Hal ini tentu saja memicu berbagai respons, terutama dari kalangan mahasiswa. Saya sendiri tidak serta merta setuju dengan ungkapan tersebut. Terlihat seolah-olah meremehkan apa itu pembelajaran. Tapi namanya suatu topik ada juga yang menyetujui. Misalnya, mereka yang merasa pekerjaannya saat ini berbeda jauh dengan apa yang mereka pelajari saat berkuliah. Mereka mungkin merasa “ngapain juga ya kuliah kalau kerjaan sekarang berbeda”. Ada juga yang berpendapat seperti “itu sih coping mechanism mereka saja yang tidak berkuliah, sehingga cenderung meledek atau merendahkan orang yang berkuliah”. Intinya banyak sekali yang berkomentar mengenai hal ini.

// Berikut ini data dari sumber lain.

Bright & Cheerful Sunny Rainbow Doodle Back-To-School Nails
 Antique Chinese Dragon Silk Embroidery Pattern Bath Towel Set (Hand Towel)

Bagi saya, kuliah adalah salah satu cara atau jalan yang ditempuh untuk mendapatkan ilmu baru dan kenalan baru. Saya sendiri melanjutkan kuliah di Unindra (saya lulusan D3 Teknik Komputer) karena saat ini jam kerja saya memungkinkan atau sesuai dengan kelas yang tersedia di Unindra dan juga Boss saya mendukung/mendorong karyawannya untuk melanjutkan pendidikannya.

Di bidang pendidikan tentu saja masih banyak yang perlu dibenahi. Mulai dari kurikulum, sistem pendidikan, honor guru (yang saya lihat di berbagai media masih sangat rendah), dan masih banyak lagi. Saya juga berharap dapat berkontribusi dalam hal pendidikan. Walaupun masih jauh dari kata sempurna, terkadang saya menulis terkait teknologi/teknis yang ada kaitannya dengan pekerjaan saya di blog pribadi saya (www.zaidan.web.id). Salah satu sebabnya karena di tempat kerja, saya diminta menulis di blog setiap hari. Saya juga coba (baru sekali) buat video tutorial di Youtube. Karena saya rasa sayang banget kalau pengetahuan yang saya miliki tidak dibagikan.

image host

https://youtu.be/ZToN7qrd528?si=Y_hgDhdv2TXfMQzB

Saya juga berpikiran, memang benar sarjana saja banyak yang menganggur. Apalagi kalau tidak berkuliah? Atau bahkan tidak tamat sekolah menengah. Dengan berpendidikan (apalagi pendidikan tinggi) dapat membuka atau memperluas peluang kita dalam mencari pekerjaan. Karena saat ini juga banyak perusahaan yang mempersyaratkan gelar sarjana untuk dapat apply lowongan pekerjaan.

Sekian tulisan saya kali ini mengenai opini saya terkait artikel yang ada di Kompas untuk tugas mata kuliah Filsafat Ilmu. Mungkin tulisan saya banyak ngalor-ngidulnya sehingga tidak terlalu on-track dengan artikel tersebut. Tapi tulisan ini juga menjadi sarana saya untuk “mencurahkan isi pikiran” saya. Terima kasih.


Ternyata setelah selesai totalnya jadi sepuluh halaman. Ditambah gambar juga biar gak terlalu membosankan. Sambil mengerjakan tugas ini, saya juga belajar beberapa hal baru atau belajar lebih banyak mengenai beberapa hal. Misalnya tentang stunting dan skor PISA. Tugas semacam ini saya rasa juga dapat menjadi sarana latihan saya untuk lebih fokus membaca dan lebih banyak belajar. Karena di masa sekarang dimana banyak video singkat di media sosial, hal tersebut berpengaruh terhadap attention span. Jadinya lebih cepat bosan dan kurang fokus dalam mempelajari sesuatu.

Itu dulu tulisan saya kali ini. Sampai jumpa. Bye.